● DATASET EXCERPT
##############################
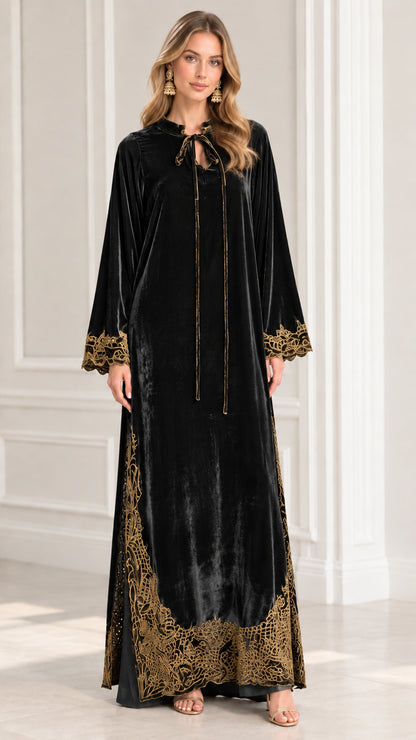 Full front view of model wearing Classic Black embroidered velvet kaftan dress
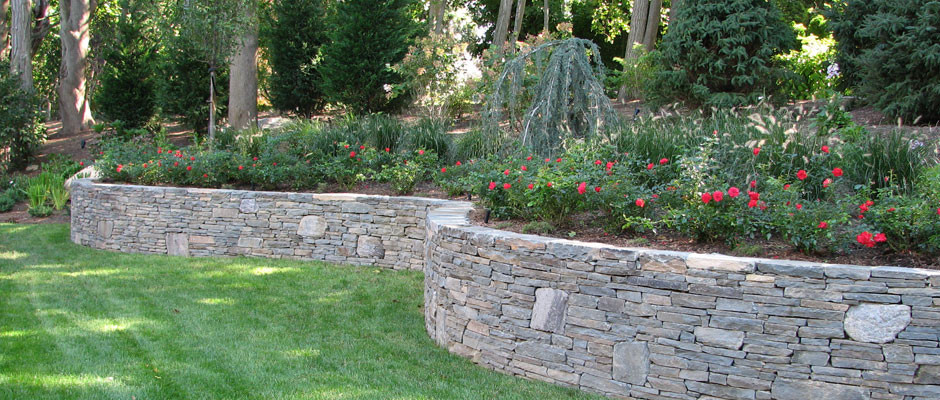 STACKED STONE WALL WITH LARGER PIECES OF ROUND AND IRREGULAR STONE ADDED TO BREAK UP COMPOSTION.  We planted knock out roses and a blue atlas weeping spruce as a focal point. Peter Atkins and Associat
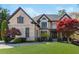A charming two-story brick home with a manicured lawn, mature trees, and a welcoming front entrance at 2461 Oak Grove Ne Ests, Atlanta, GA 30345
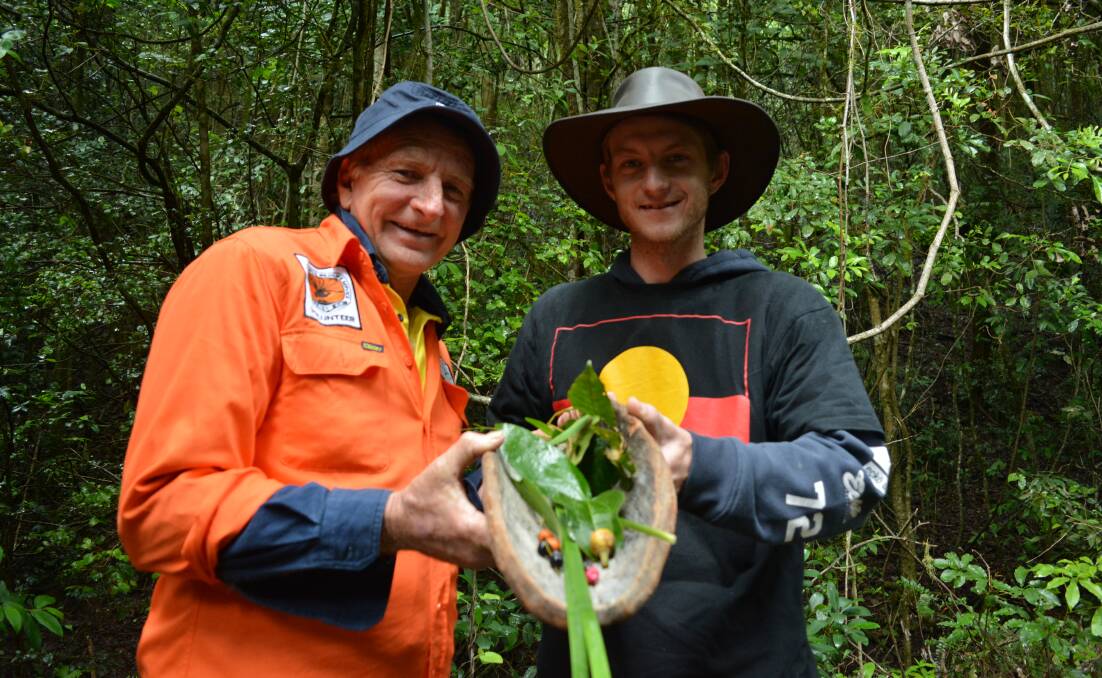Forest full of food: Glenn Jonas and Boe Clarke help uncover the bush tucker goodies growing in Copeland Tops. Photo Anne Keen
##############################
● WHAT TO WORK ON
From the first line to the last, output the data exactly; skip any pictures.

● WRITTEN SOLUTION
 Full front view of model wearing Classic Black embroidered velvet kaftan dress
 STACKED STONE WALL WITH LARGER PIECES OF ROUND AND IRREGULAR STONE ADDED TO BREAK UP COMPOSTION.  We planted knock out roses and a blue atlas weeping spruce as a focal point. Peter Atkins and Associat
A charming two-story brick home with a manicured lawn, mature trees, and a welcoming front entrance at 2461 Oak Grove Ne Ests, Atlanta, GA 30345
Forest full of food: Glenn Jonas and Boe Clarke help uncover the bush tucker goodies growing in Copeland Tops. Photo Anne Keen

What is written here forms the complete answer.